10 Greatest Star Trek Moments In 2024

Don't try to be a great Star Trek moment, just be a moment. We'll do the judging after that.

By Jack Kiely /

*Warning! This is a spoiler alert for the fifth and final season of Star Trek: Lower Decks in particular.*

2023 and 2022 were bumper, wall-to-wall years of Star Trek. 2024 was no slacker either. Three whole seasons of three separate series aired between April and December. In November, an extraordinary short film moved millions. Star Trek: Discovery wrapped up on a touching glimpse at its own future. Star Trek: Lower Decks is about to conclude after a strong season. The second of Star Trek: Prodigy was arguably one of the best ever made.

2024 was also the year of big reveals for what was to come in the next and the next. "Sitting on that secret [for months] was tough," Robert Picardo, up in Toronto for filming, told TVO Today's Steve Paikin this October. That secret being, The Doctor was to be re-activated in live-action for Star Trek: Starfleet Academy. Comic-Cons in 2024 were for ever-expanding cast lists.

Elsewhere, fans got behind the idea of a Miles O'Brien statue in Killarney, launched another plane, and in the case of the French fans, formed an airtight seal around any spoilers for the rest of the world. Prodigy might not have got a third season yet, but it did get a theme park attraction. So did the re-built bridge of the Enterprise-D, both opening in 2025.

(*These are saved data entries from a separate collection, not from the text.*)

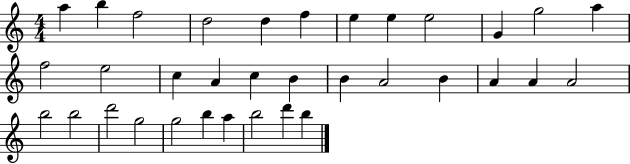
X:1
T:Untitled
M:4/4
L:1/4
K:C
a b f2 d2 d f e e e2 G g2 a f2 e2 c A c B B A2 B A A A2 b2 b2 d'2 g2 g2 b a b2 d' b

"Wait, everyone, shut up!" That's… that's Harry Kim! No, that's a room full of Harrys Kim! And one of them has a whole TWO pips. We knew the now-not-forever-Ensign was appearing in Lower Decks from the official trailer. What we didn't know was just how many of his Star Trek colleagues would be starring alongside him in the brilliant Fissure Quest. Garrett Wang is one of the last of the Voyager main cast to reprise his role. Now, someone just needs to persuade Roxann Dawson, and we'll have an entry for next year.

10. Grass Is Greener; Grass Is Breener

On the other side of the "heavy emo" of season four, as Jonathan Frakes put it to Star Trek Explorer Magazine (via TrekMovie), season five of Star Trek: Discovery was generally lighter fare. It still had the high stakes, but it wasn't taking itself quite so seriously. If the show had to go out, at least it went out on greener — Breener — pastures.

Speaking of, if you're looking for L'ak, you won't find him over the fence, but up the Jefferies tube. That was Elias Toufexis' on-set hideaway during the filming of Mirrors, as the actor noted on Twitter. A life-long fan of Star Trek (and then some), Toufexis was geeking out about his role just as much as we were watching him. Breen courier, and reluctant scion of the Imperium, L'ak — and Toufexis — made Trek history. Galactic hell hadn't frozen over, but it was still a bit chilly beneath the mask. L'ak was the first Breen we'd seen take it off.

From Breen and green to the red forests of Sanctuary Four, the fence at the end of the series was to keep Alice safely out. With the news of Discovery's cancellation looming over like that Breen dreadnought, producers sought to construct a coda. The result wasn't perfect, but overall, it was an elegant way to say goodbye to the series that had said its "Vulcan Hello" to contemporary Trek. The 'Red' of one last Red Directive for Discovery, the ship, was then a future for Craft.